Source: Vientiane Times
Economists have expressed concern over non-performing loans (NPL) that banks have given to the private sector.
Bankers said NPLs are currently higher than the rate of 3 percent set by the Bank of the Lao PDR, which could have negative impacts on financial and economic stability.
A senior banker who asked not to be named said the rising NPL rate is linked to state infrastructure projects, with private companies waiting for the government to reimburse them so they can in turn repay their bank loans.
One of the most important features to note is that people mostly use land titles as a guarantee to borrow money from banks.
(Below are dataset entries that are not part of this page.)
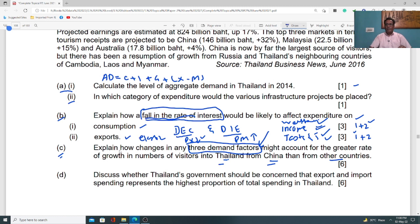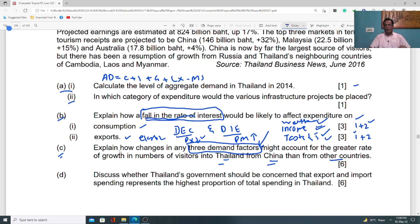Taste and trends is another relevant demand factor. There might be something going on in Thailand that aligns with the tastes and trends of Chinese people, so Chinese people will love to go there, spending money and time with family and friends. As a result, demand for tourists from China to Thailand will definitely increase.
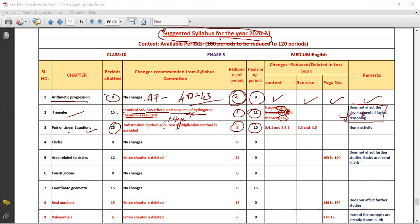The elimination method is retained and is very important. What is the difference between the substitution method, cross-multiplication method, and elimination method? Essentially they give the same answer, so these methods overlap. From the 5 or 10 periods available, sections 3.4.1 and 3.4.3 are eliminated. Sections 3.3 and 3.5 are retained.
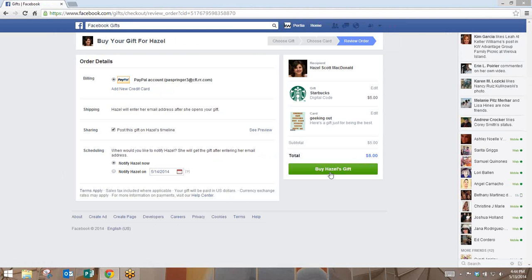Once you have that, your contact is going to get an immediate email that says they have a gift waiting for them from you. Once they click on that gift, they are able to either download it and print it as a coupon, or they can simply take their mobile device into the store and show the cashier the coupon through their mobile device.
However, as a result of economic slowdown, it’s not easy to sell land and this is one of the factors driving up the NPL rate.
Bankers say although commercial banks may not get their loans repaid promptly, they will get them later on since the commercial banks often take into account issues related to NPLs.
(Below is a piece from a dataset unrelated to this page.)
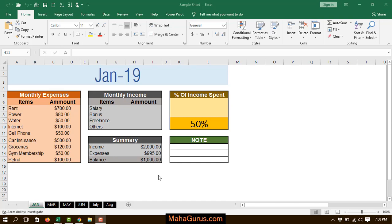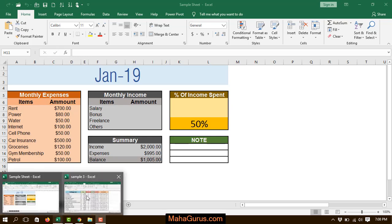Hi guys, welcome back to the YouTube channel. In this tutorial, we're going to learn how we can arrange the windows and different workbooks in the form of a tiled arrangement. Let's suppose I'm having different worksheets here.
Dr Mana Southichak is an independent economist who has done a lot of economic research for the government, international organisations and private companies.
“I have learned that the NPL rate is rising, particularly in state commercial banks,” Dr Mana said.
“If this continues, it could affect the banks’ financial stability as they need to have sufficient cash to pay their customers on demand.”
As of June last year, the volume of money circulating in the economy (M2) increased by 11.3 percent compared to the same period the year before, according to a government report.
The rise in credit took place after the central bank lowered interest rates to make it more affordable for entrepreneurs to borrow money from banks and boost domestic productivity .
The central bank should increase efforts to keep non-performing loans at below 3 percent as planned, otherwise the country will face economic challenges.
In 2013, the International Monetary Fund (IMF) urged Laos to put a dampener on rapid credit growth if it wanted to maintain macro-economic stability.
The international finance institute said the rapid rise in credit would result in higher import values, one of the main factors causing a drain on foreign currency reserves.
Last year, banks in Laos implemented stricter controls on foreign currencies notably the Thai baht and US dollar in a move to stabilise exchange rates and sustain the economy.
The move came after Laos encountered falling foreign currency reserves because businesses constantly require Thai baht and US dollars to import goods.
The falling reserves are the result of Laos’ exports, predominantly mining and agricultural commodities, which have fallen while imports are increasing and this trade has to be paid for in foreign currencies, according to economists.